● Required action
When you reach the line holding "Doodle Poodle Cotton", please begin to restate the lines word for word and continue through the last one in the material, excluding pictures.

● Given information
----
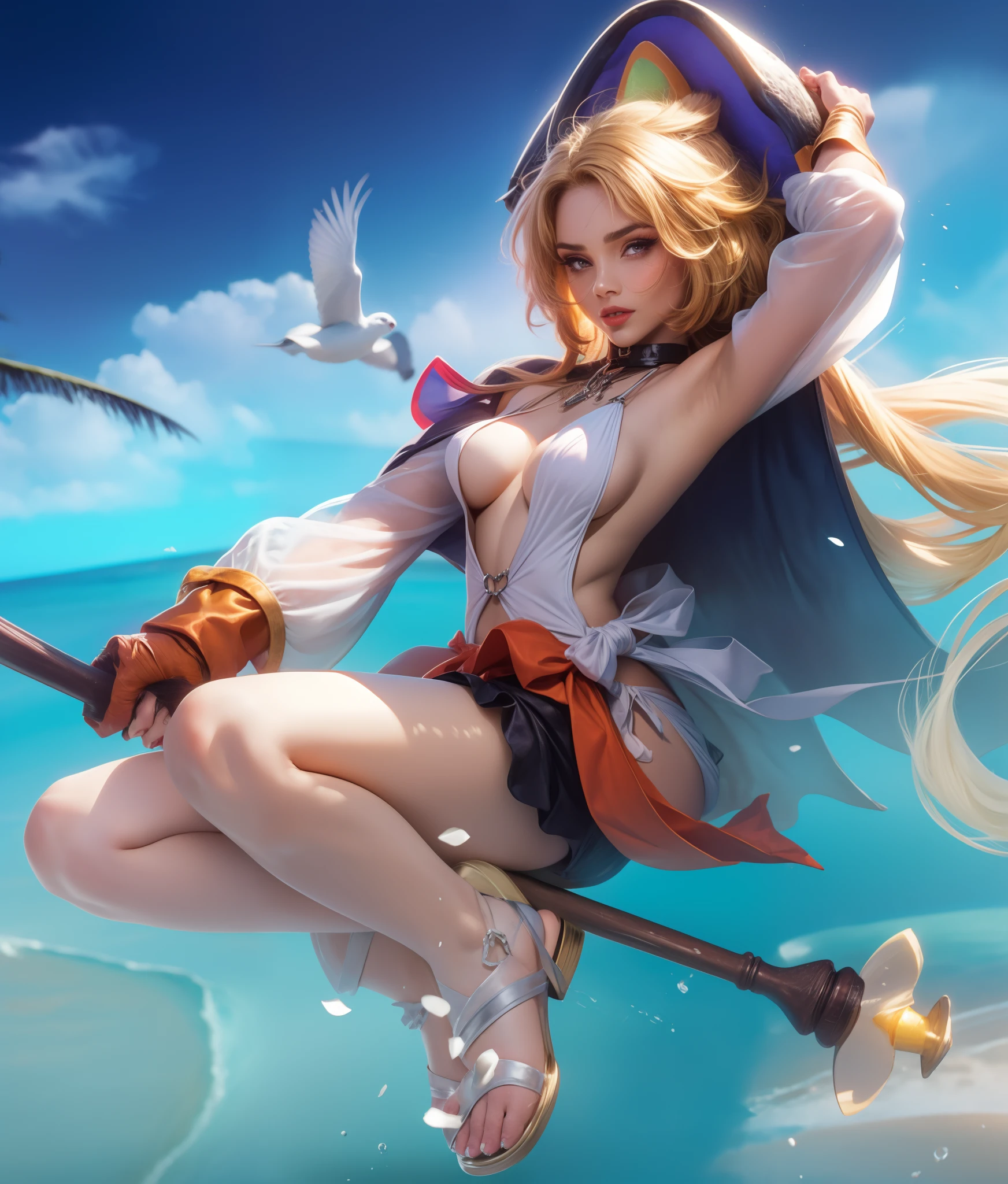 (max resolution: 1.2), (Ultra HDTV: 1.2), 8K resolution, Eye and skin details, detailed facial features, , (Sharp focus: 1.2), (Focus focus) facial expressions: 1.2), Girl, Swimsuit, (long hair), Beach view, Some coconut trees, Fox ears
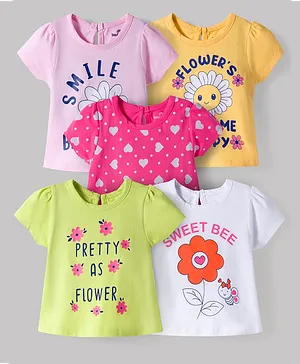 Doodle Poodle Cotton Knit Half Sleeves T-Shirts With Floral & Heart Print Pack of 5 - Multicolor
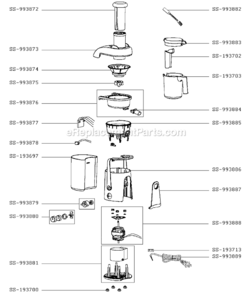 Part Location Diagram of SS-193697 Krups Container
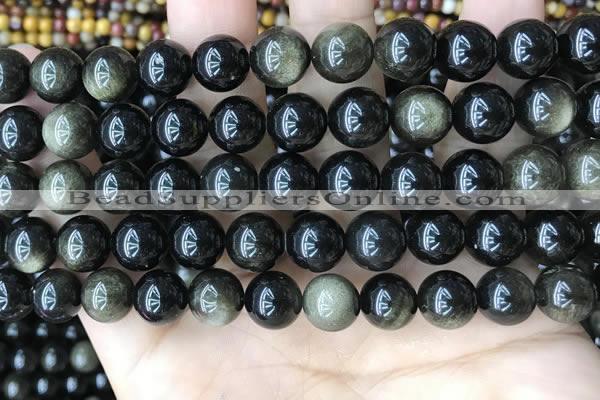 COB768 15.5 inches 10mm round golden obsidian beads wholesale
----
● Task solution
 Doodle Poodle Cotton Knit Half Sleeves T-Shirts With Floral & Heart Print Pack of 5 - Multicolor
 Part Location Diagram of SS-193697 Krups Container
 COB768 15.5 inches 10mm round golden obsidian beads wholesale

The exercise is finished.